Date of Award:

8-2017

Document Type:

Thesis

Degree Name:

Master of Science (MS)

Department:

Geosciences

Department name when degree awarded

Geology

Committee Chair(s)

James P. Evans

Committee

James P. Evans

Committee

Kelly Bradbury

Committee

Elizabeth Petrie

Abstract

In the subsurface faults can act as both barriers and conduits for fluids or gases such as CO2, hydrocarbons, or water. It is often thought that faults in porous rocks such as sandstone are barriers to fluid flow. In this study we show that this is not always the case. In sandstones like the Cedar Mesa Sandstone it is very important to understand the relationships between this history of fault slip and fluid flow. Better understanding of how fluids migrate through faults and the damaged areas surrounding these faults has strong significance to the oil and gas industry.

In this study we examine a group of faults and their surrounding damage zones near Hite, Utah. We analyze three of these small-scale faults in more detail. In doing so we give insights into how these faults and their damage zones can effect fluid migration as well as the porosity and permeability in the Cedar Mesa Sandstone.
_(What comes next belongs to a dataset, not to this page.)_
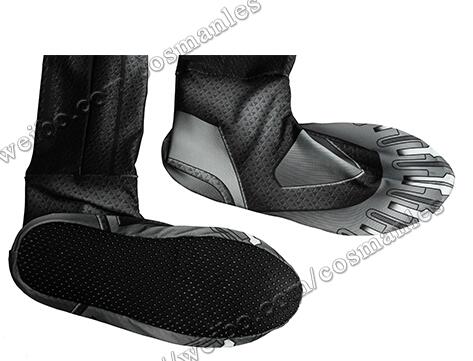 Halloween Black Panther Cosplay Costume 3D Print Adults Kids Newest T'Challa Superhero Zentai Suit Bodysuit Men Party Jumpsuit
Whole rock geochemistry, X-ray diffraction mineralogy, permeability data, petrography, ultraviolet photography, and outcrop observations were used to gain insights into cross-cutting relationships, past fluid compositions, and fault characteristics.

From the data that was collected from these faults we have begun to describe a series of structural and fluid flow events. This series allows us to say that small-scale faults and fractures are features by which fluids can migrate preferentially. In this series of events we isolate two separate phases of movement. The first phase of movement being has a component of shear in which the edges of the fractures are not moving directly apart. This event is accompanied by a fluid flow event the emplaced iron oxide in the fractures and the surrounding formation. The second event is a phase when the faults become reactivated by a stress that created open mode fractures. This second is accompanied by a fluid flow event that has high calcium content and emplaces calcite in the fractures. Throughout this study we give evidence to support this series of movement and fluid events.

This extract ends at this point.